The old charter of the city, in section 3 of chapter 10, empowered the common council to prescribe rules for the government of its proceedings. Section 5 of chapter 8 of the new charter provides that the commission shall fix the day and hour for regular meetings of the commission and rules and regulations for its government. There is no provision prescribing the manner in which rules should be adopted, but merely a grant of authority to prescribe rules for the government of its proceedings. The minutes of the council show that rule 28 had been invoked on several occasions.

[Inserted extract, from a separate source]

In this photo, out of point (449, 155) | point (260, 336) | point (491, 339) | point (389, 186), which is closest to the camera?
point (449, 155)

Appellant contends that there is no showing that the rules were properly adopted in accordance with the provisions of the Home Rule Charter of Battle Creek stipulating that ‘by-laws and ordinances must be published for two successive weeks in at least one daily newspaper printed and published in the city, unless otherwise directed,’ etc. Rules of procedure of a legislative body do not fall within in the classification of ordinances and by-laws. Section 14180 of the Compiled Laws of 1929 provides as follows: ‘All laws, by-laws, regulations, resolutions and ordinances of the common council, or of the board of trustees of any incorporated city or village in this state may be read in evidence in all courts of justice, * * * either from a record thereof, kept by the clerk or recorder of such city or village, or from a printed copy thereof, purporting to have been published by authority of the common council or board of trustees, in a newspaper published in such city or village, or from any volume of ordinances, purporting to have been printed by authority of the common council or board of trustees of such city or village; and such record, certified copy or volume shall be prima facie evidence of the existence and validity of such laws, regulations, resolutions and ordinances, without proof of the enactment, publishing, or any other thing concerning the same.’

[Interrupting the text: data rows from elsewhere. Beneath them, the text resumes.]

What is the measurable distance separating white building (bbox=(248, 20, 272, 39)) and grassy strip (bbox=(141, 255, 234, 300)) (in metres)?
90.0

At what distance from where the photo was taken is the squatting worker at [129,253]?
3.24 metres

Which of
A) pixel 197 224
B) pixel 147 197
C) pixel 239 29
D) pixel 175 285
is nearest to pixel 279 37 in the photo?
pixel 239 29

Similar statutes have been applied in many cases in other jurisdictions, and it has been held the burden of proof is upon those attacking the ordinance to show that it never was validly adopted. Chicago & Alton R. Co. v. Wilson, 225 Ill. 50, 80 N. E. 56,116 Am. St. Rep. 102;City of Caruthersville v. Sickles (Mo. App.) 247 S. W. 471;Santa Rosa City R. Co. v. Central Street Ry. Co., 4 Cal. Unrep. Cas. 950, 38 P. 986. The same reasoning upon which the statute quoted heretofore is based justifies the application of the presumption of due passage to a rule of procedure printed in an authorized city manual. Also see Whitney v. Village of Hudson, 69 Mich. 189, 201, 37 N. W. 184, 189, a case in which the facts were in no way similar, however. The court held as follows:
It is further claimed that, even if the rule in regard to reconsideration is a valid one and its proper adoption be assumed, the appointment of the city clerk could not be reconsidered at a meeting of the commission subsequent to the next regular meeting; that there was a regular meeting on April 7, 1932; and that the reconsideration was not acted upon until the regular meeting of April 11, 1932. Chapter VIII, section 5, of the city charter provides that the commission shall fix the day and hour for the regular meetings of the commission. Rule 1 of the standing rules provides that the regular meeting of the council shall be held on Monday of each week at 7:30 p. m. Chapter VI, section 8, of the charter requires the commission to meet at 10 a. m. on the...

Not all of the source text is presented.